### Exercise details
Retype each entry exactly. Skip any pictures.

Web page caption snippets:

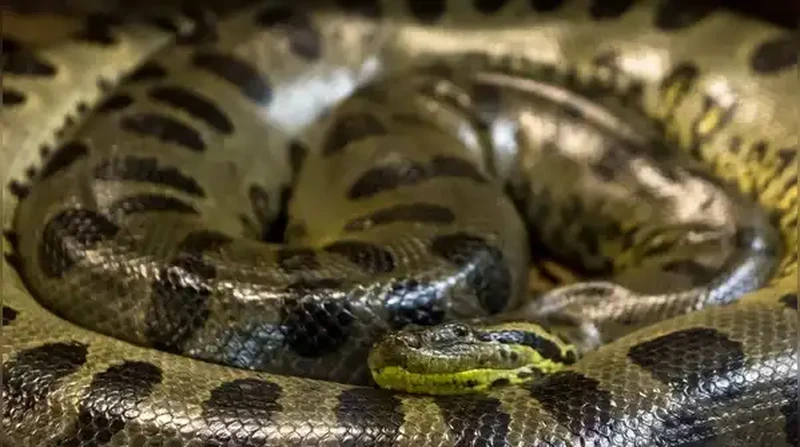Anaconda Hijau Utara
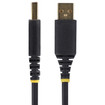 StarTech 10FT (3M) USB TO Serial Adapter - 1P10FFC-USB-SERIAL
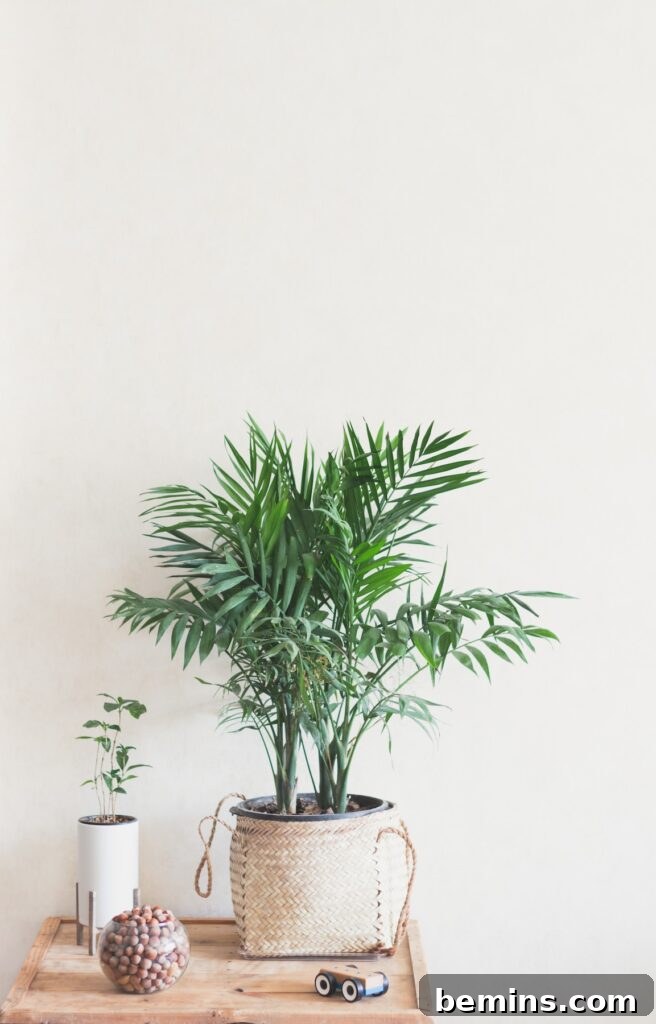 Areca Palm on Wooden Table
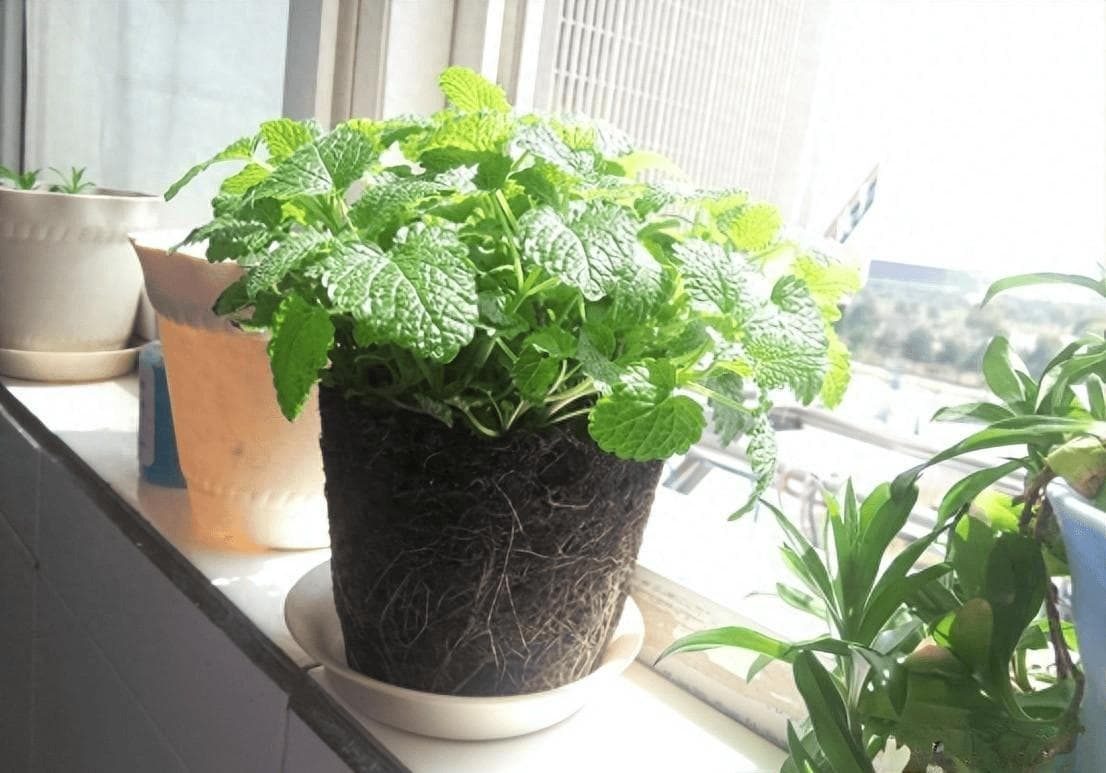 老中医最喜欢的5种花，清热败火，养上1盆，身体越来越健康！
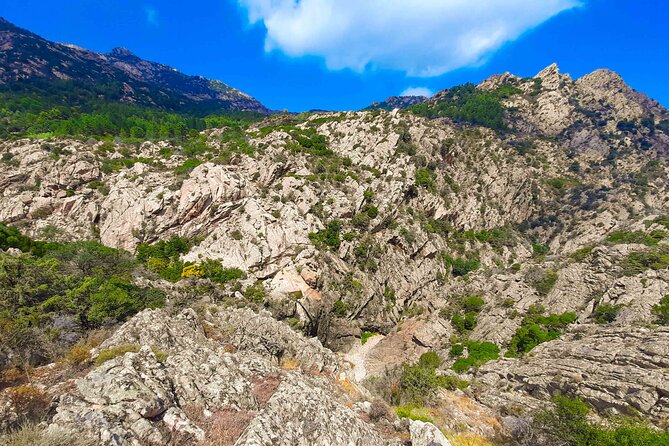 Canyoning in Rio Pitrisconi and Monte Nieddu in San Teodoro - Group Size Limitations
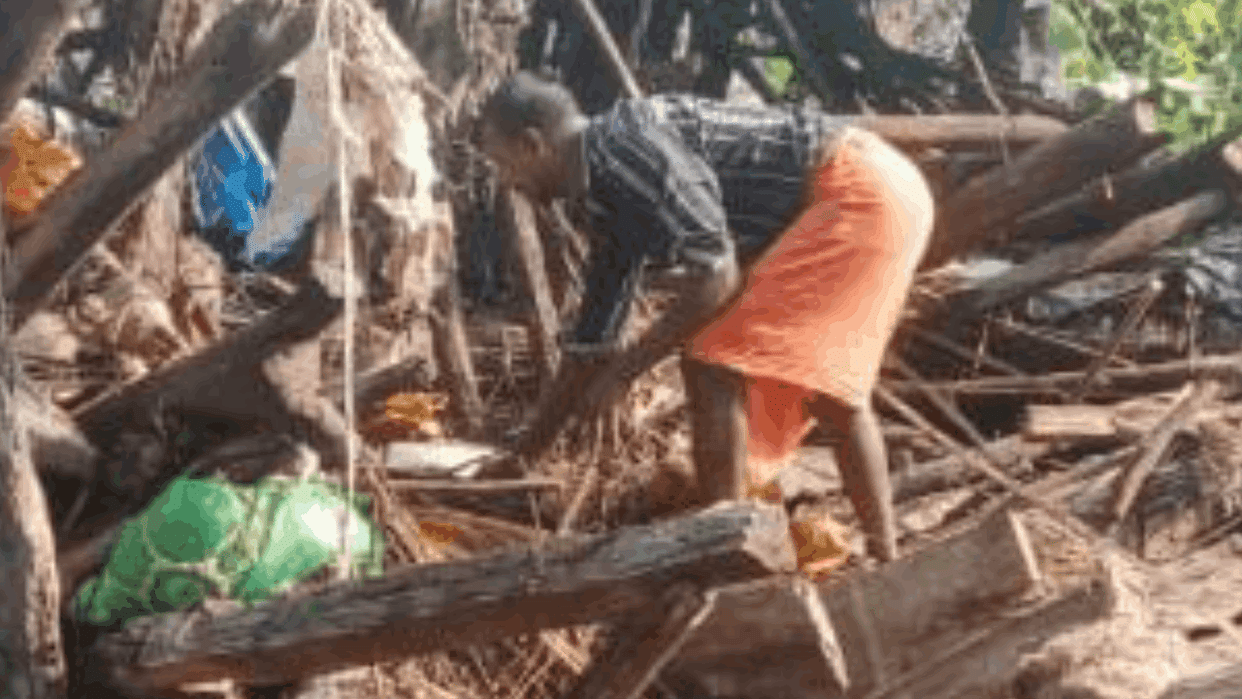 elephant chased a woman and killed two cattle In Korba
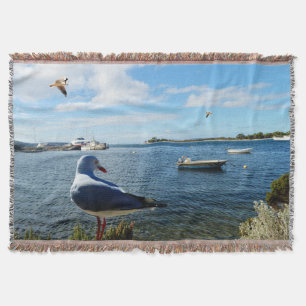 Manta Gaviota, Barcos Y El Océano,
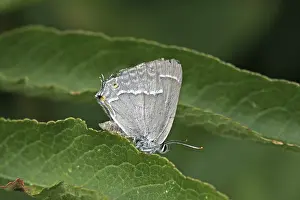 Blue Oaktip Butterfly Drucke: Neozephyrus quercus, Quercusia quercus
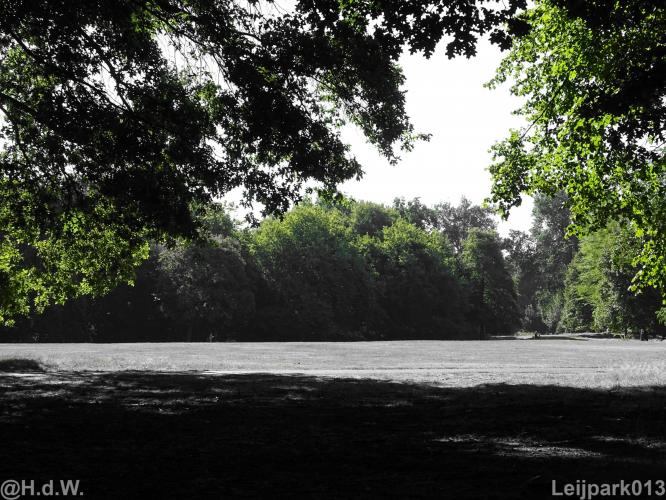 Leijpark012 12 &amp; 13 &amp;14 &amp; 15 augustus 2022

### Answer box
Anaconda Hijau Utara
 StarTech 10FT (3M) USB TO Serial Adapter - 1P10FFC-USB-SERIAL
 Areca Palm on Wooden Table
 老中医最喜欢的5种花，清热败火，养上1盆，身体越来越健康！
 Canyoning in Rio Pitrisconi and Monte Nieddu in San Teodoro - Group Size Limitations
 elephant chased a woman and killed two cattle In Korba
 Manta Gaviota, Barcos Y El Océano,
 Blue Oaktip Butterfly Drucke: Neozephyrus quercus, Quercusia quercus
 Leijpark012 12 &amp; 13 &amp;14 &amp; 15 augustus 2022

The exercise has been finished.